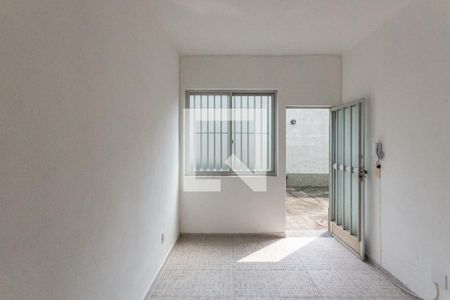 Sala de casa para alugar com 1 quarto, 55m² em São Francisco Xavier, Rio de Janeiro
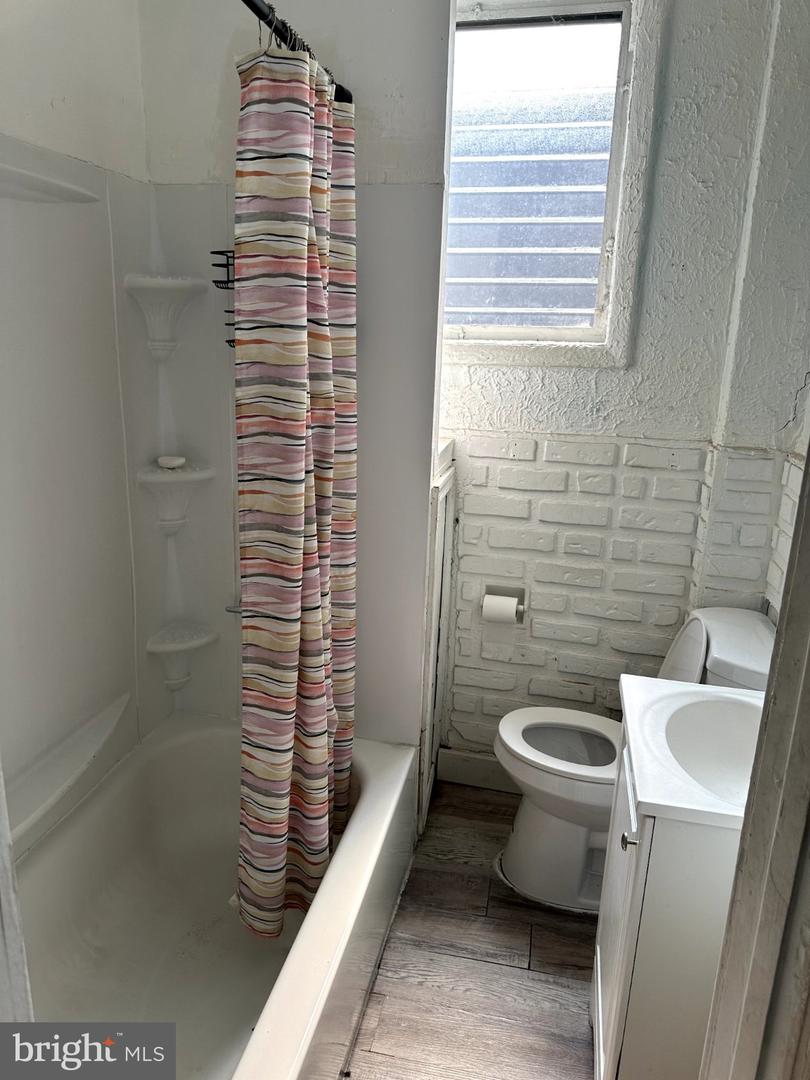 941 E Schiller St Property Photo 12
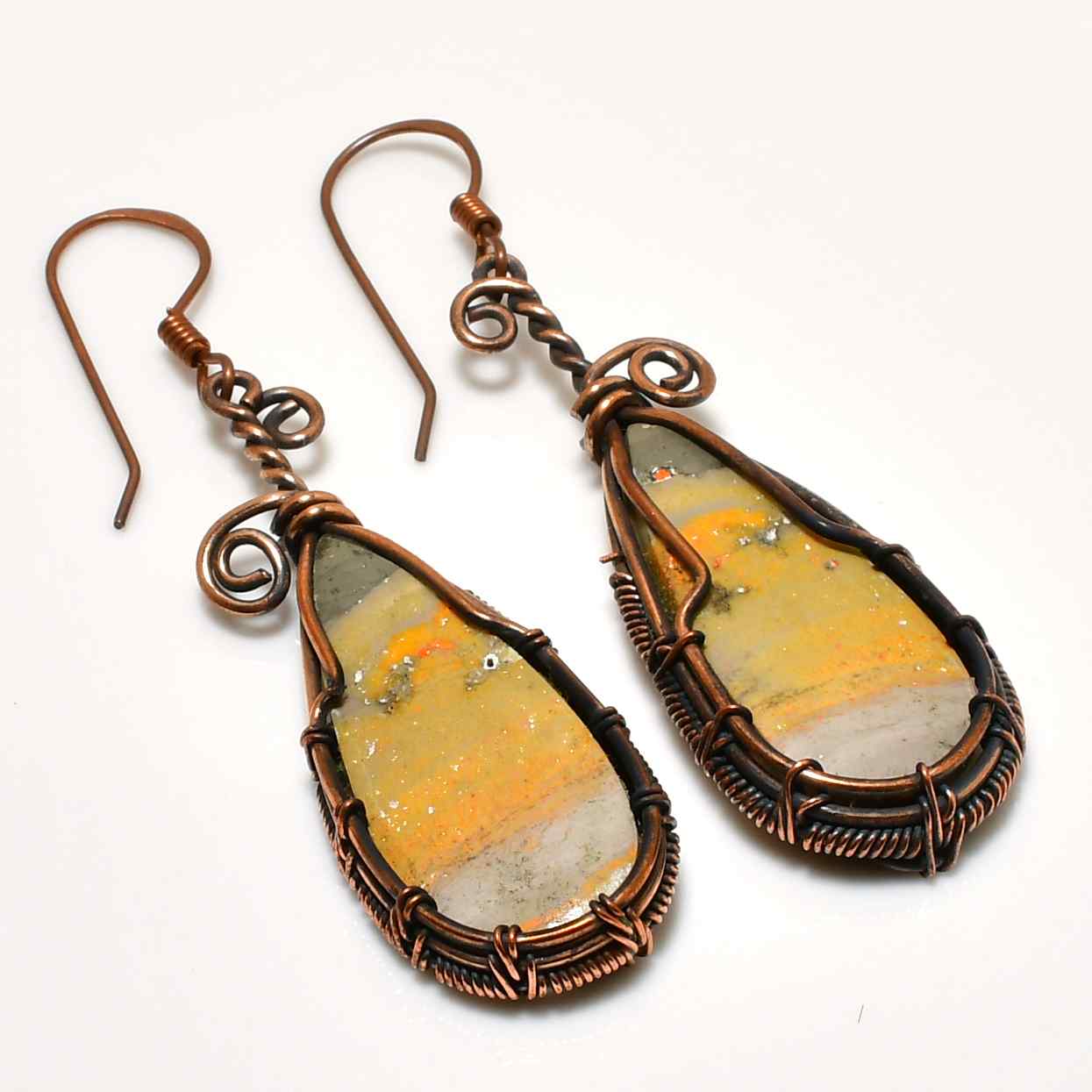 Solar Gleam – Yellow-Gray Agate Copper Earrings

════════

→ Directions for this task
Copy the whole listing exactly, excluding the pictures in it.

→ Reply
 Sala de casa para alugar com 1 quarto, 55m² em São Francisco Xavier, Rio de Janeiro
 941 E Schiller St Property Photo 12
 Solar Gleam – Yellow-Gray Agate Copper Earrings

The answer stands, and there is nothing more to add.